Many young Jesuits inspired me: Michael Fox, the closest of friends who died tragically in his mid-thirties, Jock Earle, that most magnanimous of men, and Michael Kyne with whom I set off for the Jesuit noviceship from Finsbury Park Station on September 7th 1947 (having just watched Denis Compton, incomparably the greatest of many sporting heroes, score a hundred at Lords a day or two before).

I won't mention the many living Jesuits who have supported and encouraged me over the years.  Nor, I think, will I mention the lengthy years of our training - at Manresa House in Roehampton, at the old Heythrop in the country and at Campion Hall in Oxford (though any account of my life as a Jesuit, however sketchy, should give a mention to Tom Stevens, tutor in Roman History at Magdalen College, Oxford, very much not a Jesuit, whose tutorials lifted my spirit and engaged my mind, and from whom I imbibed almost all of what I know about teaching).

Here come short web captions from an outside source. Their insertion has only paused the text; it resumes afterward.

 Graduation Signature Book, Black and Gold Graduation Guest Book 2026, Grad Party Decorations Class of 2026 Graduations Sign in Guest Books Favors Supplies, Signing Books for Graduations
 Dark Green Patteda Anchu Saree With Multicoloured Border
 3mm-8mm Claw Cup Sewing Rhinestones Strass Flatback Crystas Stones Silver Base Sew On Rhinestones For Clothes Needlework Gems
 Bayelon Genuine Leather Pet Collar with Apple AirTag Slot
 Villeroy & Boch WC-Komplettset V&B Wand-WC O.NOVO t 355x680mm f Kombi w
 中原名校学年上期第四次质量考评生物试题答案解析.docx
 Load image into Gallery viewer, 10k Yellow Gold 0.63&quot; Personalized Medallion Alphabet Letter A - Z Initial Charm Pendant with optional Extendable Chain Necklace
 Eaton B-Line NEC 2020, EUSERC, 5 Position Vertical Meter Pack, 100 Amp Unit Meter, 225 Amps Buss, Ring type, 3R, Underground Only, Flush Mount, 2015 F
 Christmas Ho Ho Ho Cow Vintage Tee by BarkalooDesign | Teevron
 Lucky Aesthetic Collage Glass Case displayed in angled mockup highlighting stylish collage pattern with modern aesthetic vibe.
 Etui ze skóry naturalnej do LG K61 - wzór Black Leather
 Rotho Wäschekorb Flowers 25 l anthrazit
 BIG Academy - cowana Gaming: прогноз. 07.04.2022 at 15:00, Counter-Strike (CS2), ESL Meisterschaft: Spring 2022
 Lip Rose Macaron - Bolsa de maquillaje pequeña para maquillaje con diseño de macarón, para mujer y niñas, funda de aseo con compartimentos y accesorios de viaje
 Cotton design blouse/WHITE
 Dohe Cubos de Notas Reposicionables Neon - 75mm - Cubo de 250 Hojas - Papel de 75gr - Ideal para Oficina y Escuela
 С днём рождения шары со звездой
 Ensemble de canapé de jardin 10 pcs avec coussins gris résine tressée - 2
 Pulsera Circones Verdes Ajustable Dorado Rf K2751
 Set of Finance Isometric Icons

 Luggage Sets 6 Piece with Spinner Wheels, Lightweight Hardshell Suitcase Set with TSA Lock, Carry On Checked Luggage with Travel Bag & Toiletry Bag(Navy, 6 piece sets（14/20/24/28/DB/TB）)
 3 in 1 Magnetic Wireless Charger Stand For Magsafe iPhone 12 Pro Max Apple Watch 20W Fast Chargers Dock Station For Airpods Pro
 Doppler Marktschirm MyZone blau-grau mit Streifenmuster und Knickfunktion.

Since my ordination in 1962 my life has neatly divided itself into two, half spent in Jesuit schools and half in Jesuit Parishes.

I spent 24 of these years at Stonyhurst, a Jesuit boarding school in Lancashire, for 14 years of which I was head.  The staff, the pupils, the parents of boys at Stonyhurst were and have remained central to my life.  For all those years the 10 o'clock boys' Sunday Mass held my life together.  And even now if I am downcast at all these days, the sound in my head of the Stonyhurst boys singing, 'Once to every man and nation' in the church on the feast of St Edmund Campion will lift my spirits.

And then there are the parishioners of St Aloysius, Glasgow (endless confessions!), of the Friary in Liverpool where I spent a brief but colourful period, of Corpus Christi in Brixton, with whose parishioners I fell in love, and since 2005 in the parish of St Ignatius, Stamford Hill, that wonderfully varied multi-ethnic parish.  I baptised their children, conducted their funerals, helped to prepare them to be baptised or received into the church and signed their passport applications.  They listened to my homilies, greeted me cheerily in the street and trusted bits of their life to me.  It is they who, along with my family, have made sense of my life.  And among all these, there is that very special group who allowed me to love them.  It is these who most of all made something human out of the risky life of a Jesuit, sometimes wonderful, often routine, just occasionally excruciating.  I hope God will inspire others to take that risk.

St Ignatius describes Jesuit life as 'a pathway to God'.  I have now walked, rather falteringly, along that pathway for a good many years.  I hope to walk along it a bit more steadily in the years to come.